In the fall of 1899 he entered the Oak Ridge Preparatory School, where he completed the two-year course in one year, making an average grade of 99.5. His diploma qualified him for admission to The University of North Carolina, but since he was only sixteen, his parents persuaded him to stay at home for a year. In June 1901 he became ill with typhoid fever and was forced to wait until September 1902 to enroll in the university. His four years there were a delight to him. He was the editor of three student publications and a correspondent for two newspapers. Initiated into Phi Beta Kappa, he won medals and honors in all his work. In sports, he starred on the tennis team and excelled in cross-country running.
A charming account of his junior-year summer vacation, entitled Footing It through the Blue Ridge, first appeared in serial form in the Charlotte Observer. Many of his "Verses, Grave and Gay," short stories, skits, and plays were published.
Immediately following his graduation in 1907, Mills went to New York to seek his fortune in the newspaper world. By his own efforts he obtained a job in the office of the New York Evening Sun as a reporter. In a short time he became city editor, remaining in that post until he volunteered for military service when the United States declared war on Germany in 1917. He had already taken officers' training courses at Plattsburg, N.Y., during his vacations since the war began in 1914. From 1914 until his enlistment, a period of twenty-seven months, he wrote 250 editorials on the European conflict and America's lack of preparedness for its deepening involvement. Intensely patriotic, he felt it was his duty to fight in his country's battles against the forces of evil.
Mills was commissioned a lieutenant and sent to France. He died of wounds received at the Battle of Château-Thierry (3–4 June 1918) in an attack on the German lines that successfully blocked the enemy's advance.

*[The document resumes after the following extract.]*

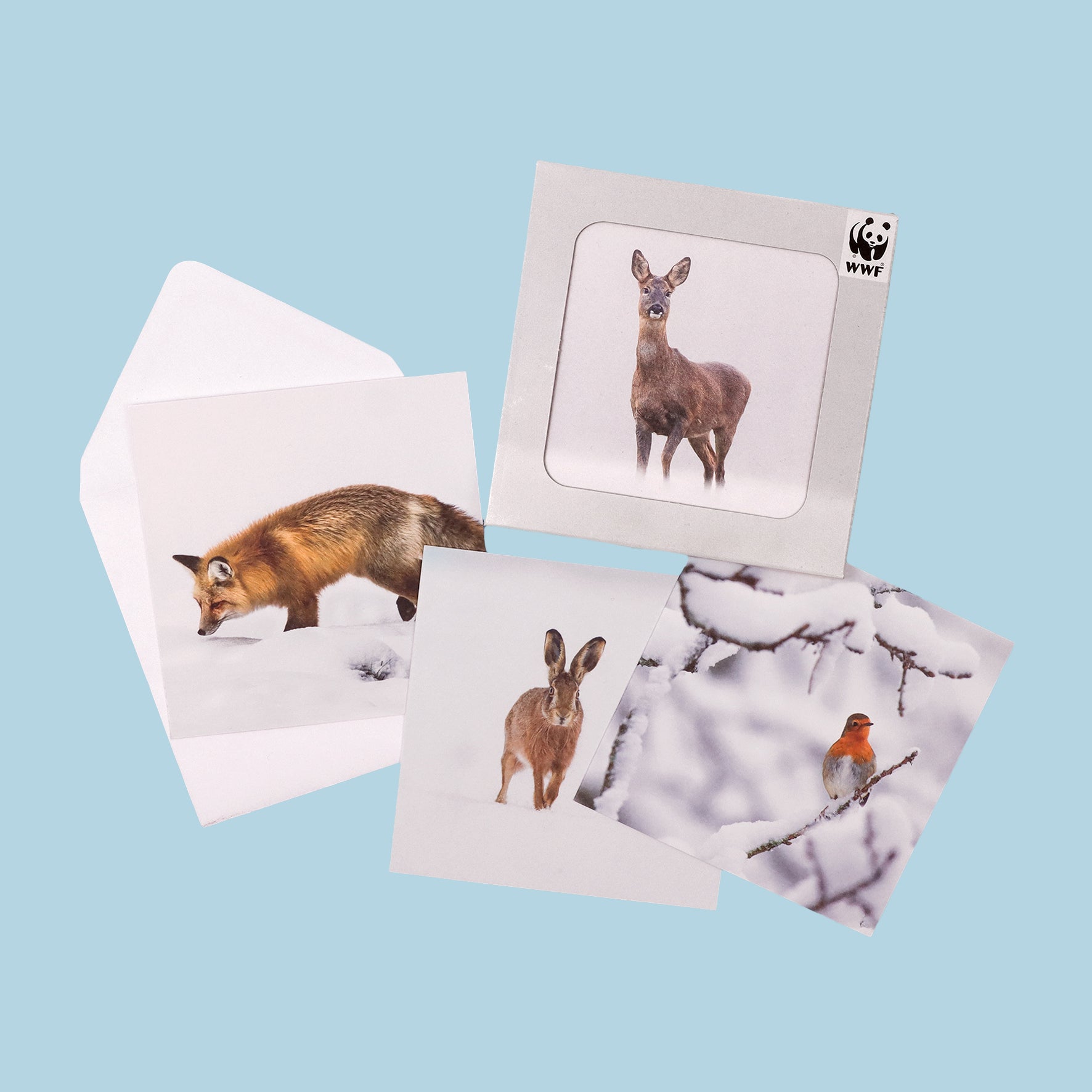 UK Nature Photography cards (multipack of 8)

A biography of Mills, One Who Gave His Life, written by James Luby, senior editor of the Evening Sun, was published in 1923; it also includes letters that Lieutenant Mills sent from France. A second volume, Editorials, Sketches, and Stories, containing Mills's short stories and editorials, was published in 1930.
Mills was recognized by journalists as a specialist on state and city political affairs; he wrote constantly of the inner workings of party politics. The range of his interests was worldwide and his vision deep and penetrating. Many causes claimed his pen, and he championed them all with his keen intellect and tireless concern for a better city: more parks and playgrounds, better schools, less pollution, and more adequate transportation. His early twentieth-century concerns were the same as those of the waning days of the century. His philosophy of government, his desire for a good life for all people, his love of freedom, and his willingness to give his life for the principles in which he believed stand as a lasting tribute to the young soldier-writer who made the supreme sacrifice for his beloved country.